Onshore looks like cold temperate forest sometimes on rocky hills and then a more Alpine vegetation on the slopes of nearby partially snow-covered mountains.
I believe the maximum temperature will be 9 degrees today but, with wind-chill, I imagine dressing for 5 degrees might be the smart option. Yes. I am feeling excited that I can get off soon, and that it will be possible to stay off in less than 24 hours. Hallelujah. I was never sea sick even amidst very rough seas. I was mostly happy with the onshore options. I had low expectations of getting decent vegan food and they were met.
And then I could see Ushuaia edged by high peaks with their snow stripes.
We arrived into port at Ushuaia smoothly with little breeze and around 2-2.30pm we were free to leave the ship.We poured off the ship without passports armed only with our room/cabin card. There were no immigration or customs procedures and we loved the process and wished the rest of the world was so relaxed. Or perhaps common sense prevails: who in their right mind would be drug or arms running from Montevideo to Ushuaia via Antarctica! That’s right. No-one.
I eschewed the plans of others to take a mini tourist train in the Tierra Del Fuego national park. Instead off on my own I had a pleasant afternoon wandering the streets but with most time spent at a colossal museum housed in the old prison (which was built to house convicts in the 1890s). One gaol cell display space was devoted to historic gaols in Australia – couldn’t work out why. Maybe Port Arthur for the convict link but the others???
The method for shackling prisoners was something I had not previously seen.Some of the museum had been repaired or cleaned up but other parts were in original disintegrating condition. Very illuminating.
Within the very large museum complex was an art gallery holding large penguin sculptures. These were creative and fun to look for. Examples include:
My great ‘take away’ from the museum was that Ushuaia is at the bottom of an island which is at the bottom of Argentina.
It wasn’t cold outside around town although cool. We are located at 54 degrees south compared to Tasmania’s 42 degrees south so that needs to be taken in to account. I wore only a t-shirt and my normal non-Antarctic jacket and was comfortable.
After I left the museum I wandered along the streets of Ushuaia and heard most languages except Spanish; this is a serious tourist town with people waiting for cruise ships to take them south.
Walls decorated with mural art added life to the urban environment.Some museums were shut. No surprises there.
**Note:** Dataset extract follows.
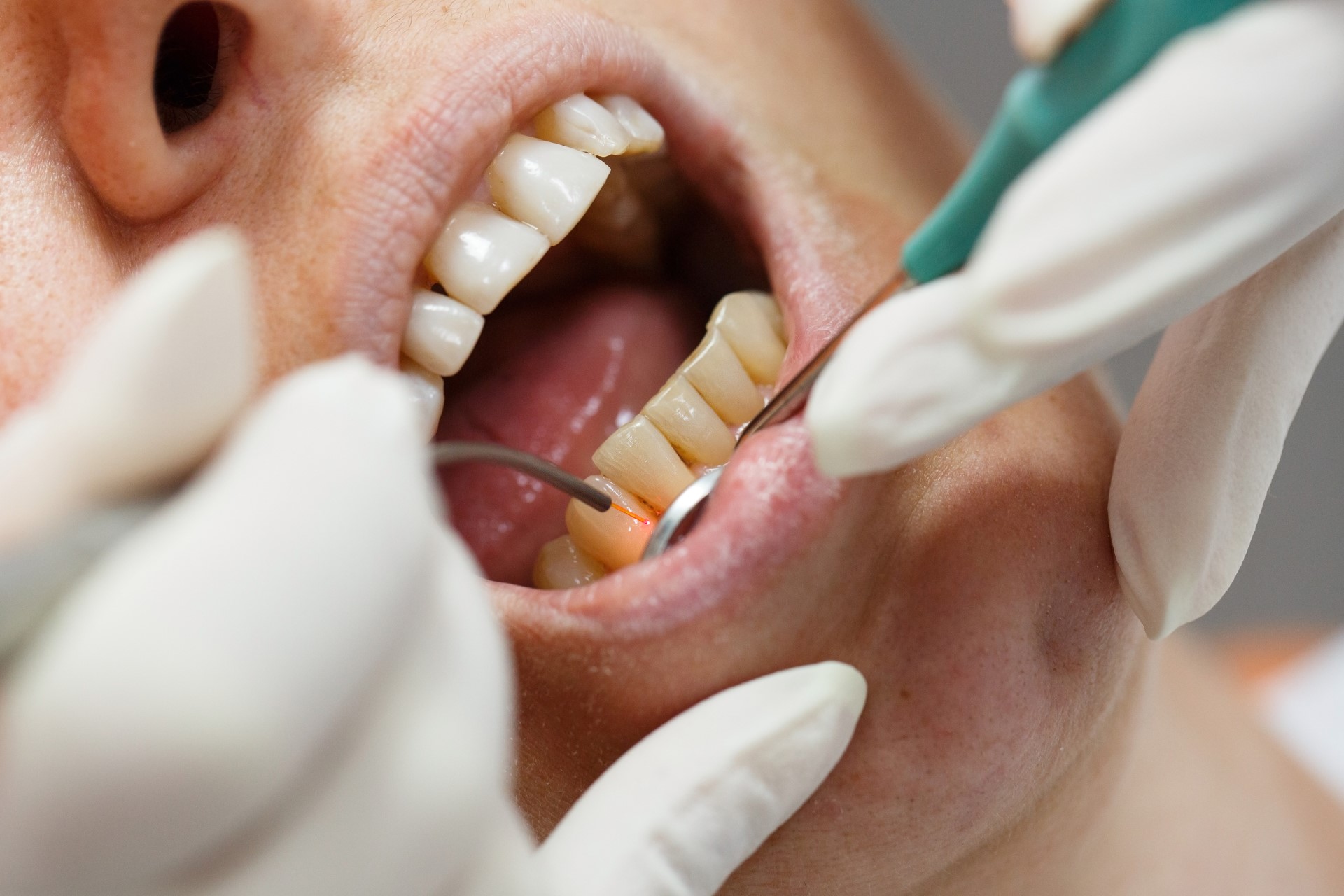 What You Should Know About Periodontal Surgery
Snowy mountains punctuated the landscape in the distance whereever I looked. Marvellous crisp profiles.
The architecture is a mix. I liked the look of the older corrugated iron buildings with their coloured walls.
Mostly I think of Ushuaia as the dandelion capital. Spring had sprung these golden flowers in every nook and cranny. Luxuriating.As I walked into the centre of town, children were everywhere. I first noticed some playing chess.Then I saw different stalls lining the street edges all devoted to some game or learning for children to get involved with. At another corner, loud pop music filled a vacant block; food was offered for dancing children. The colourful church attracted my attention.
Inside a service was being held with children attached to parents. Obviously the focus was children that day. Apart from the bright happy colours, the highlight in this building was a superb stained glass window near the entrance.
Then I plodded along the wharf. It wasn’t the city that interested me, only the mountains.
Back to the ship for the last time.
I have coughed my way around Ushuaia and now I am very tired. As much I would like to kick on tonight with everyone for the last night together, I may eat dinner and then disappear. But then – I can’t be trusted to make a decision and stick to it. Tomorrow morning, we must be out of our cabins permanently by 8am so I want to get some catch up sleep before then.